In termen van Mintzberg (1983) is de Rabobank een machinebureaucratie. De dominante effectiviteitsbenadering in het Competing Values model van Quinn en Rohrbaugh is te vinden in het kwadrant “Interne Processen” (Quinn & Rohrbaugh, 1983). “In control” blijven is belangrijk en daar wordt ook naar gehandeld middels focus op het interne functioneren. Vanuit het oogpunt van beheer(sing) kan hieraan worden toegevoegd dat alle processen uitvoerig en duidelijk zijn beschreven, alle activiteiten planmatig worden uitgevoerd, die activiteiten maandelijks via de PDCA cyclus van Deming (1982) gevolgd worden en daarnaast via procescontroles en controle van de interne accountantsgroep worden getoetst. Het primaire coördinatiesysteem is gelegen in de standaardisatie van de processen.

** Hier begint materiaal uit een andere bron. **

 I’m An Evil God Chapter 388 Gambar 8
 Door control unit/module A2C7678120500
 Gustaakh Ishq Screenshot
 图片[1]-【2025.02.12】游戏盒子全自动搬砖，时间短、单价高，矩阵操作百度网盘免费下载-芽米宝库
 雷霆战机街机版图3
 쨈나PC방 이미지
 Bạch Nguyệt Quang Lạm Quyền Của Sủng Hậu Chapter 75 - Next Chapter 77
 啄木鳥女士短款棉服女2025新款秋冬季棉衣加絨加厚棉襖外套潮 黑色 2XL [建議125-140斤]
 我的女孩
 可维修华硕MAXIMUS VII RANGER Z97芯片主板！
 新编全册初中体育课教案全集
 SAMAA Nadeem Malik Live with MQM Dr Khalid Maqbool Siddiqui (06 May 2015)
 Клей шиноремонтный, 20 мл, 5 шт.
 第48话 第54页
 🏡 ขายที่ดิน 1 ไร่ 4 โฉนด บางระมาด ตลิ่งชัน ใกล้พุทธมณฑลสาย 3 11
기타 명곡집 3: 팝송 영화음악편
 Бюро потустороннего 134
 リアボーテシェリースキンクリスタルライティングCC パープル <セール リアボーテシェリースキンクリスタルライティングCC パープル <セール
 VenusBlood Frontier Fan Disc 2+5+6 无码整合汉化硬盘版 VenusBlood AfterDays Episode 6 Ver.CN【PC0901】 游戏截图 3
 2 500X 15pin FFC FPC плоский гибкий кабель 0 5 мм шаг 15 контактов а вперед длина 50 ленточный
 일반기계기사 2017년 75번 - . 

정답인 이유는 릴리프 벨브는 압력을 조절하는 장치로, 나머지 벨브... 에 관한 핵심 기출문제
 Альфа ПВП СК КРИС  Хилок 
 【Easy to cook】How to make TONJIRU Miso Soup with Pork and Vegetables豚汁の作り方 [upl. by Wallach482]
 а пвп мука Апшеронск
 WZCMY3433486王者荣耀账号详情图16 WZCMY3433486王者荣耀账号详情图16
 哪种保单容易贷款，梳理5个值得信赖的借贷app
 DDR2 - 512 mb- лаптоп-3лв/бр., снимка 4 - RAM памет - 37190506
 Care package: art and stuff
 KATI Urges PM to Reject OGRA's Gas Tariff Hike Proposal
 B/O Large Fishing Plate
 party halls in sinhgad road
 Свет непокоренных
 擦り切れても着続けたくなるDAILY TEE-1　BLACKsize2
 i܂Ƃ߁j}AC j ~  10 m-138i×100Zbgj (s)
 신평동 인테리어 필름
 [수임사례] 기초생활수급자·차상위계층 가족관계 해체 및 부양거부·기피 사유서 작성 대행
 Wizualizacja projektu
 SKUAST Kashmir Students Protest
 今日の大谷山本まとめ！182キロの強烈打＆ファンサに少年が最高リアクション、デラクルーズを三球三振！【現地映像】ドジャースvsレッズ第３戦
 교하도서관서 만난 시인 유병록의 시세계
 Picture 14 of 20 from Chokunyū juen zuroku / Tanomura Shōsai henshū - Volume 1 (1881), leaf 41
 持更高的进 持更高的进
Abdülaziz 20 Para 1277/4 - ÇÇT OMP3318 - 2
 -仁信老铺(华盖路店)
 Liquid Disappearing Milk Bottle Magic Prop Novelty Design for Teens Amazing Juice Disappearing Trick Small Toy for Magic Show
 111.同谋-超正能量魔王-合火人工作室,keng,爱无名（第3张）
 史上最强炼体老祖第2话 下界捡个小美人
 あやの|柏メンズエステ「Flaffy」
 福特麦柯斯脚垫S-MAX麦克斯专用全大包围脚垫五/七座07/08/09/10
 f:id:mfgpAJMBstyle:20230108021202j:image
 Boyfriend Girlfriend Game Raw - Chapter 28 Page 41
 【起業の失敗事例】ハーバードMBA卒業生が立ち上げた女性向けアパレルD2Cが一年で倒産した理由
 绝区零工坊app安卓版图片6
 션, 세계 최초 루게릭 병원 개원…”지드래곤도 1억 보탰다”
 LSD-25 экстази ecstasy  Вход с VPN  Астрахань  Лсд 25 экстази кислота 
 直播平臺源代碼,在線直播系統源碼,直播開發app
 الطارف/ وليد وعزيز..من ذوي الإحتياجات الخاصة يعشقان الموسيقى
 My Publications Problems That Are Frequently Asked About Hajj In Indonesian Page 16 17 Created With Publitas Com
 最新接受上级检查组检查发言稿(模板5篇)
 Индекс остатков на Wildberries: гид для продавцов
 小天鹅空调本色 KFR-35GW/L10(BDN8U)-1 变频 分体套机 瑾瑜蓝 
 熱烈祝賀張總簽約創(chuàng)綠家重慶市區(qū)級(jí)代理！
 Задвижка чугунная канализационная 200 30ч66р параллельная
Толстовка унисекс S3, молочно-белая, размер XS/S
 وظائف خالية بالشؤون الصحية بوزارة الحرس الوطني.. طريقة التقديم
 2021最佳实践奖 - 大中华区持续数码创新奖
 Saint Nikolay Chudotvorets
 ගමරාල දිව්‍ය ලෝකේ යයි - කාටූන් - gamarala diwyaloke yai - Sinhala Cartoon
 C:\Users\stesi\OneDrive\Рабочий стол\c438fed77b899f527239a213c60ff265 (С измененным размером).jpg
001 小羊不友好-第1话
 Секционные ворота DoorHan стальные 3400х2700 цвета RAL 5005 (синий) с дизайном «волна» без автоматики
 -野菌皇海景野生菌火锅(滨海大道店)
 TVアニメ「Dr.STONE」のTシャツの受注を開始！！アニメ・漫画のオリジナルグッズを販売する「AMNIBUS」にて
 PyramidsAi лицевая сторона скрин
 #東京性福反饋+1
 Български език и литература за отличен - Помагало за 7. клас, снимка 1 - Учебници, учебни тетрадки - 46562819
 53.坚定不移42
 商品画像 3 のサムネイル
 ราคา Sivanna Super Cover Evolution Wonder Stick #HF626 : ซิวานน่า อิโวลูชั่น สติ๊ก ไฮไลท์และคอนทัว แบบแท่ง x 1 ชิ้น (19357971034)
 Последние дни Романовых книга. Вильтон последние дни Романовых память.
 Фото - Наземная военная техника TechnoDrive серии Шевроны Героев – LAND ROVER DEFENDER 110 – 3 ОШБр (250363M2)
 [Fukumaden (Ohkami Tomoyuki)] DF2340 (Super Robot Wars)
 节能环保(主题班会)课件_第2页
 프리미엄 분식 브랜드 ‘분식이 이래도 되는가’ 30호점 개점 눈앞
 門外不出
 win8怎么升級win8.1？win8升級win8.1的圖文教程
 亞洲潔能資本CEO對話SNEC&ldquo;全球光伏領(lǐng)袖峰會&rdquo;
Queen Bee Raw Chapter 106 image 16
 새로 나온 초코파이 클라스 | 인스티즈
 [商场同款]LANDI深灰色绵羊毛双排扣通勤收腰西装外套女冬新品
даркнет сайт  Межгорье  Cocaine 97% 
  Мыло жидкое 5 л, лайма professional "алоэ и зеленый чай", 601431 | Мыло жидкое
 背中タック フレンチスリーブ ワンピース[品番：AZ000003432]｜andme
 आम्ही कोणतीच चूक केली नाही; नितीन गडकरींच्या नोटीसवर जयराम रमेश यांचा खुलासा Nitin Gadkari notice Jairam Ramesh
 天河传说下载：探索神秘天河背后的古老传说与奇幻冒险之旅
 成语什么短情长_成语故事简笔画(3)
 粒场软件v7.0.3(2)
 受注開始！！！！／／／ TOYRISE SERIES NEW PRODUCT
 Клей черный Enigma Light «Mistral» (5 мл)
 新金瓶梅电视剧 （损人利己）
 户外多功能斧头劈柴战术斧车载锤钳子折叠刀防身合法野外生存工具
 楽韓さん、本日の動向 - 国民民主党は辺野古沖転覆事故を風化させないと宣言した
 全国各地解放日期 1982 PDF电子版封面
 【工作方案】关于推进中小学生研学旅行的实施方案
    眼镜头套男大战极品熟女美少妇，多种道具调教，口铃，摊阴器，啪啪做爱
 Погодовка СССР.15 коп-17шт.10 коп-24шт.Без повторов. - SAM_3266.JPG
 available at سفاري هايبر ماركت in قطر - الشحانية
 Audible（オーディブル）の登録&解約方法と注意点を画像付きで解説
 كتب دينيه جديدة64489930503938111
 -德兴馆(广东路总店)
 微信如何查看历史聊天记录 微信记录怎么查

De technostructuur is derhalve een heel belangrijk onderdeel van de organisatie. Er is een grote mate van taakspecialisatie, zowel horizontaal als verticaal. Daarnaast is het een formele organisatie, waar beslissingen en de communicatie bij voorkeur via de formele weg verlopen.

1.5.1 Rabobank in Nederland

De Rabobank is de enige coöperatieve bank van Nederland en vindt zijn oorsprong in de RAiffeisen bank en de BOerenleenbank. De Rabobank Nederland bestaat uit 139 aangesloten banken die ieder een eigen regio in Nederland als hun werkgebied hebben. De Rabobank is meer dan 100 jaar geleden ontstaan als een coöperatie waarvan de klanten lid kunnen worden. Elke lokale Rabobank heeft haar eigen statutaire directie en kan zelfstandig haar strategie en beleid bepalen. De Rabobank Sneek-Zuidwest Friesland is betrokken in de casestudy van dit onderzoek en is één van de bij Rabobank Nederland aangesloten banken. De gezamenlijke lokale banken hebben Rabobank Nederland opgericht om een aantal diensten te centraliseren, zoals marketing en communicatie. Een andere rol van Rabobank Nederland is het zorgen voor uniformiteit in uitstraling, uitvoering en beleid van alle lokale banken en de onderlinge afstemming te organiseren. Rabobank Nederland is o.a. eigenaar van Rabobank International, waar de internationale activiteiten van de Rabobank Groep zijn ondergebracht. De Rabobank heeft een groot marktaandeel in de Food en Agrisector, hypotheken, Zakelijk bankieren en de Particuliere spaarmarkt.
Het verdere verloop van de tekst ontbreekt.